'switch' in C#

Published 15 November 04 06:02 AM

On Eric's blog, a discussion about 'switch' statements in C# & why they require 'break' inspired this post.

One of my favorite principles in the design of C# is that it forces you to be explicit when that removes confusion.  The best example is the way that the language doesn't let you accidentally override a base method.  If you don't explicitly say what you want, the compiler tells you about it.

In this case, the language is forcing you to be explicit again.  Either you're done ("break") or you want to fall through ("goto").  You gotta say which one.


I don't worry too much about the syntax of 'switch' when I code. Instead, I try to have as few 'switch' statements as possible.  

The OO way to do things is to use polymorphism to manage differences between cases, not a big decision statement.  As soon as I find that I'm switching on the same thing twice, it's time to consider polymorphism.  See ReplaceTypeCode*.

And the procedural way is to give each option a name (make them new methods).  If I have a switch where the bodies of the cases get even slightly interesting, the whole switch gets out of control.  So, at the very least, I want to Extract Method on each body.

In the ideal, I have relatively few switches with only trivial content.

 

We did something in Whidbey to help switch lovers.  We’ll generate cases from an enum.

1.    Type ‘switch’.

2.    Hit TAB. 
This will expand a code snippet with the skeleton of a switch statement.  The expression to switch on will be highlighted as an entry field.

3.    Supply your favorite enum-typed variable.

4.    ENTER (to commit the expansion)

We spit out a ‘case’ block for each value in the enum.

 

We could have done more.  We could have automatically spit out ‘break;’ as soon as you type case.  I think that would have made people’s concerns about the superfluous ‘break’ in C# go away.  When the editor takes care of it for you, it’s not a big deal.  Maybe next time.

In general, I think it’s important that the language designers think about the editing context.  If you intend your language to be edited “dumb” editor (like notepad), a semi-intelligent one (emacs, slickedit), or a very intelligent one (VS, eclipse), you would design differently.  If you assume certain facilities in the editor, you can take advantage of them to make the language easier to read & easier to write.

Comments

# Radu Grigore said on November 15, 2004 6:54 AM:
The "be explicit" principle would have lead to:

void f()
{
DoSomething();
return; // required
}

... which is not bad, but it is inconsistent with "break" being required in switches. This is the first problem.
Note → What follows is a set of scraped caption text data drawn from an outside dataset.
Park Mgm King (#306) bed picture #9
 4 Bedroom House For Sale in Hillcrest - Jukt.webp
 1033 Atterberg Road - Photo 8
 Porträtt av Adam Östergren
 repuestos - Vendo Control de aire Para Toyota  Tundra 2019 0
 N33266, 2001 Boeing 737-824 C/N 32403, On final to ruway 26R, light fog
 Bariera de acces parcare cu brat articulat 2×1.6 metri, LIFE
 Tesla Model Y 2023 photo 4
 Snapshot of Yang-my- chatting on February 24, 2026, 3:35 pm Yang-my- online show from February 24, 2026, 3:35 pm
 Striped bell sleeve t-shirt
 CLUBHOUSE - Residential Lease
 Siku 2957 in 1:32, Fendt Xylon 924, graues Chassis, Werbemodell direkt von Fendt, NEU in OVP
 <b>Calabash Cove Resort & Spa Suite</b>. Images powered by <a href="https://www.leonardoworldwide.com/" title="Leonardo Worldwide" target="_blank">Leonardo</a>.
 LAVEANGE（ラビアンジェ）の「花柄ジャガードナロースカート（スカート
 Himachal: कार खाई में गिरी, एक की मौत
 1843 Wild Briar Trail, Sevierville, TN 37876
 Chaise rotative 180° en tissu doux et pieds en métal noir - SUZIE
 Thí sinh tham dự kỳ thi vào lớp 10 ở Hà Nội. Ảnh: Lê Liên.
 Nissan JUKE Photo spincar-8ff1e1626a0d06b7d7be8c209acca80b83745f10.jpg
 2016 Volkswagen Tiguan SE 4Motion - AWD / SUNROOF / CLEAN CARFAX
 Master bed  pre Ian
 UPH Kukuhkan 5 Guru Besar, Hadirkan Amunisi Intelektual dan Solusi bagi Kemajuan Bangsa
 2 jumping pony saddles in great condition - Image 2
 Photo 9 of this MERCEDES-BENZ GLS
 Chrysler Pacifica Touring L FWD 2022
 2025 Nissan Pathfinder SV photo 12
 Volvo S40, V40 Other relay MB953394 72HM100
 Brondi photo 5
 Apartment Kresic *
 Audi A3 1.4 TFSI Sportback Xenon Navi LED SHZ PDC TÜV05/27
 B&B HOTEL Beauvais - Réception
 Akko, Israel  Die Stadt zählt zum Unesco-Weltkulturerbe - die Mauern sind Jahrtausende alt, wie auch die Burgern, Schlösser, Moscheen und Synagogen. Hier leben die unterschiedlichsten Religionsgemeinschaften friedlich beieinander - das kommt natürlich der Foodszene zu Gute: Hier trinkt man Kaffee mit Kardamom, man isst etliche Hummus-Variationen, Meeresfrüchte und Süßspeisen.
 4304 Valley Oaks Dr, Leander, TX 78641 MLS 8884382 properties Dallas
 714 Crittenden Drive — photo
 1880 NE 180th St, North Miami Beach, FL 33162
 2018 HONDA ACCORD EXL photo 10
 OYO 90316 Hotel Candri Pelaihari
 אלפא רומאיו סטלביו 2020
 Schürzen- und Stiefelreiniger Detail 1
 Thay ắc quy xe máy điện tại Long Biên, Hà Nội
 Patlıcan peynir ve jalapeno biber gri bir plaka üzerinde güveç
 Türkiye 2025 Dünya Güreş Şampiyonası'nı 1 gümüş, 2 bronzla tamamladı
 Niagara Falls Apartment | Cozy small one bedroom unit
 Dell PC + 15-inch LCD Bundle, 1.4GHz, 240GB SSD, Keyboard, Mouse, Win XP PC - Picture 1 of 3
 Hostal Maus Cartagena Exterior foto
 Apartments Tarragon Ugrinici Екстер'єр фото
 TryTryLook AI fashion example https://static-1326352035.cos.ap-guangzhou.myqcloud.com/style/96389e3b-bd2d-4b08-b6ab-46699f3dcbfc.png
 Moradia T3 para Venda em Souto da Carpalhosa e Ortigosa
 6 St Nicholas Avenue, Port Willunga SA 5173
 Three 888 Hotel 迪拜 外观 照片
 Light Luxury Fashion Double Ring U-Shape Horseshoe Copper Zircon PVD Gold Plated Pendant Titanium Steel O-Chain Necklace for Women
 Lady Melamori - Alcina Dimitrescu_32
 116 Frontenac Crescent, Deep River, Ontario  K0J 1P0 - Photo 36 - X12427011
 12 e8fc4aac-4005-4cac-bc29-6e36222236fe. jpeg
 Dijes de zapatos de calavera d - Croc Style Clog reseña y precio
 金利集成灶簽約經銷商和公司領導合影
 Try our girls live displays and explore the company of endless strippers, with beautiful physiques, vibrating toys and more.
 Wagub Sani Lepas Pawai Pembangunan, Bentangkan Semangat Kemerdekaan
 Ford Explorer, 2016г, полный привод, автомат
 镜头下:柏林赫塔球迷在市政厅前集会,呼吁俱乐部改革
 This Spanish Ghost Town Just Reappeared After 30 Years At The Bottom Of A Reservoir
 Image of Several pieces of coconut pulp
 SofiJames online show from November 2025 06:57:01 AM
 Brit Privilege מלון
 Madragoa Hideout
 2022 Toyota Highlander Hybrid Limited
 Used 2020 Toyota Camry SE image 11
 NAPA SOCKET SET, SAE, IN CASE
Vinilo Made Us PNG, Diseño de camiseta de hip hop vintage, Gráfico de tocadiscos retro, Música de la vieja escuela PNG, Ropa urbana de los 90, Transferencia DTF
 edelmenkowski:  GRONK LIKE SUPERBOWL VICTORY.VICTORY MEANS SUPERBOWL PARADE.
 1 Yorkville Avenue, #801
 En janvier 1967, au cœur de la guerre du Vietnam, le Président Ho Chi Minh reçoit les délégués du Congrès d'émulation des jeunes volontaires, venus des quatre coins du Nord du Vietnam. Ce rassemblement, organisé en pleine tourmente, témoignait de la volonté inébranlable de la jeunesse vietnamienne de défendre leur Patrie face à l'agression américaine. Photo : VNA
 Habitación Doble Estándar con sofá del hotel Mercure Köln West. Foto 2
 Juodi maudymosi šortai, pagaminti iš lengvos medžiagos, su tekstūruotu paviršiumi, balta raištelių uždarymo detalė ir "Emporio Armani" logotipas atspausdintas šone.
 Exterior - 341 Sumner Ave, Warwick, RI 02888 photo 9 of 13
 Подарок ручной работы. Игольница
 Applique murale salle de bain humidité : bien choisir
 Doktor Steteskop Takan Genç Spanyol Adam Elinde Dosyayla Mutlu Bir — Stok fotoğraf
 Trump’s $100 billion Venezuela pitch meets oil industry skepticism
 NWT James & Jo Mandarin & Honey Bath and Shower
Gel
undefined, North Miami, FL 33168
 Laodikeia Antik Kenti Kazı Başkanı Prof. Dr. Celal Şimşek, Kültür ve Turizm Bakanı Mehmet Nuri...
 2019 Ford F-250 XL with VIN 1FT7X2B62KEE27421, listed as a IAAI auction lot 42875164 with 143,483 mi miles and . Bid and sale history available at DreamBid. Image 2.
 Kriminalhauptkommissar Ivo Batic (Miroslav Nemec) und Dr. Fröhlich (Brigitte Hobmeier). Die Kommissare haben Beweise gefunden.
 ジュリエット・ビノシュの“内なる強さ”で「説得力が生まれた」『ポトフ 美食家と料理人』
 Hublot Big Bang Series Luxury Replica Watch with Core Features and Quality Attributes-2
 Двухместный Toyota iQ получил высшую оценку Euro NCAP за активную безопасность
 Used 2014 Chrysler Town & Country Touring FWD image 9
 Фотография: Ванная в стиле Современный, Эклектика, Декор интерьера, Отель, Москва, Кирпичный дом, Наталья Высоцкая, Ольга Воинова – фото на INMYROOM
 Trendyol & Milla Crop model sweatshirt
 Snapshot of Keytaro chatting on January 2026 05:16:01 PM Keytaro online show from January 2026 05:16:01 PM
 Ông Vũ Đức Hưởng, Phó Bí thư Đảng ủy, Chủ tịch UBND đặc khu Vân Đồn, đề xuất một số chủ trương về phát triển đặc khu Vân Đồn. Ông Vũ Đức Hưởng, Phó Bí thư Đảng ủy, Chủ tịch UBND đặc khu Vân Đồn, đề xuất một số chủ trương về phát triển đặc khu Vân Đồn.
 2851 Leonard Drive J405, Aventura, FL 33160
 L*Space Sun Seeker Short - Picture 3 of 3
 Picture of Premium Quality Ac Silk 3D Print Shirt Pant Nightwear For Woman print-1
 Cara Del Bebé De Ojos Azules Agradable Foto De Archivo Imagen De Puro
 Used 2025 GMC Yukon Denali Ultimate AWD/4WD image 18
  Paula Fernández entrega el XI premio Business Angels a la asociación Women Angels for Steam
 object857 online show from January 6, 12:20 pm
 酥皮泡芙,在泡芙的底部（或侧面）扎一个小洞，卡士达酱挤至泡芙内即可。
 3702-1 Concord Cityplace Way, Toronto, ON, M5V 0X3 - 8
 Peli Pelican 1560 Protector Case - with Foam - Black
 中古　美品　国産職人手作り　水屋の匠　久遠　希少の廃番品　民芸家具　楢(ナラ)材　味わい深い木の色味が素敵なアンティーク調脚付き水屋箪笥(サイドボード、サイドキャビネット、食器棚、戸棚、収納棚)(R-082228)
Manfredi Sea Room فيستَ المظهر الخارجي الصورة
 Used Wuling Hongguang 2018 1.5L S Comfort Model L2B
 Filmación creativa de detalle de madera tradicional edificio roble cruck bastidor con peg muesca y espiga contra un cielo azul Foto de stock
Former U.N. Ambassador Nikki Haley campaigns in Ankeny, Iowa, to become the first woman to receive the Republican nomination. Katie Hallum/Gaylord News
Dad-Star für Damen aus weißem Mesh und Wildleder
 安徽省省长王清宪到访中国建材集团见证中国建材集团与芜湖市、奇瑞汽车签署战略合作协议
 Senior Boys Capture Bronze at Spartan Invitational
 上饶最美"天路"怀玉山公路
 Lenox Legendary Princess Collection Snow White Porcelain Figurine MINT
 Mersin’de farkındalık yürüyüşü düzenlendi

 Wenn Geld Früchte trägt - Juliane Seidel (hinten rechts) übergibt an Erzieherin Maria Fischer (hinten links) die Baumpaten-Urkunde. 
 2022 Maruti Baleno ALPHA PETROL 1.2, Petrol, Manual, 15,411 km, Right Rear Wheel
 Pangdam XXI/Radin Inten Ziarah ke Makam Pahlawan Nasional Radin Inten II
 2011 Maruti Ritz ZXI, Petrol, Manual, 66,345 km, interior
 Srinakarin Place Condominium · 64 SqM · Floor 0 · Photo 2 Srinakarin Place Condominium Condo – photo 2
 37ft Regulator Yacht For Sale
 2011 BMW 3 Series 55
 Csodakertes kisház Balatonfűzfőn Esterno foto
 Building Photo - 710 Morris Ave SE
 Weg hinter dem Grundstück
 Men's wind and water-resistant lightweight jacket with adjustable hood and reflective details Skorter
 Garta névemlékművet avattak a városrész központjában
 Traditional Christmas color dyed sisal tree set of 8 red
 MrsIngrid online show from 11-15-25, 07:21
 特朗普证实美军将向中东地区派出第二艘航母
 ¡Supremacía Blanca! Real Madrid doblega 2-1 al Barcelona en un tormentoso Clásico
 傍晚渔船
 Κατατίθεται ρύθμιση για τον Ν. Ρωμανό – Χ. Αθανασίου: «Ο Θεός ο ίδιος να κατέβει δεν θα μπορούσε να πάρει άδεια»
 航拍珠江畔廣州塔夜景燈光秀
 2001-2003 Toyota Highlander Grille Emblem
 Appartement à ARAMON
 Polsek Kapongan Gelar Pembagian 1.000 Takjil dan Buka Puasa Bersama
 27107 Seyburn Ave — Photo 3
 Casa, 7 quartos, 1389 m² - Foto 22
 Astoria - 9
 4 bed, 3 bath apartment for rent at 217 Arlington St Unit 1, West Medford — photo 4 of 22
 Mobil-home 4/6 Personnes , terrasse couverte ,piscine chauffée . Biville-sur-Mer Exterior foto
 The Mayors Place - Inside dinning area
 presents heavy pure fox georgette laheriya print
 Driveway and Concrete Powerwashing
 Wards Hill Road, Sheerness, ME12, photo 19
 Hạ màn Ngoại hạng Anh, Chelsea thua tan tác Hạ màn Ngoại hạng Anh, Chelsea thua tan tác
The second problem is that breaking from a switch is different from breaking from a loop and the usage of the same keyword can be annoying.

In short, it seems that compatibility with existing languages was more important in the design of this feature than the "be explicit" principle or any other logical guideline.
# Uwe Keim said on November 15, 2004 7:10 AM:
At least the designer of C# didn't force us to explicitely declare local variables as in Pascal... ;-)
# Thomas Eyde said on November 15, 2004 7:27 AM:
Radu has a good argument. Playing further on this, we should have:

foreach(string s in strings)
{
//do something...
continue; //no, I don't want to break.
}

Why a missing break in a switch should confuse anyone, confuses me.
# Sam said on November 15, 2004 7:36 AM:
A warning about a case-fallthrough would have been enough, yes - but demanding a break is ok for me, too.
# jaybaz [MS] said on November 15, 2004 8:18 AM:
Radu: I disagree. The end of the function *always* does a return. The end of a case-block either does a break or a goto, there's a choice to declare.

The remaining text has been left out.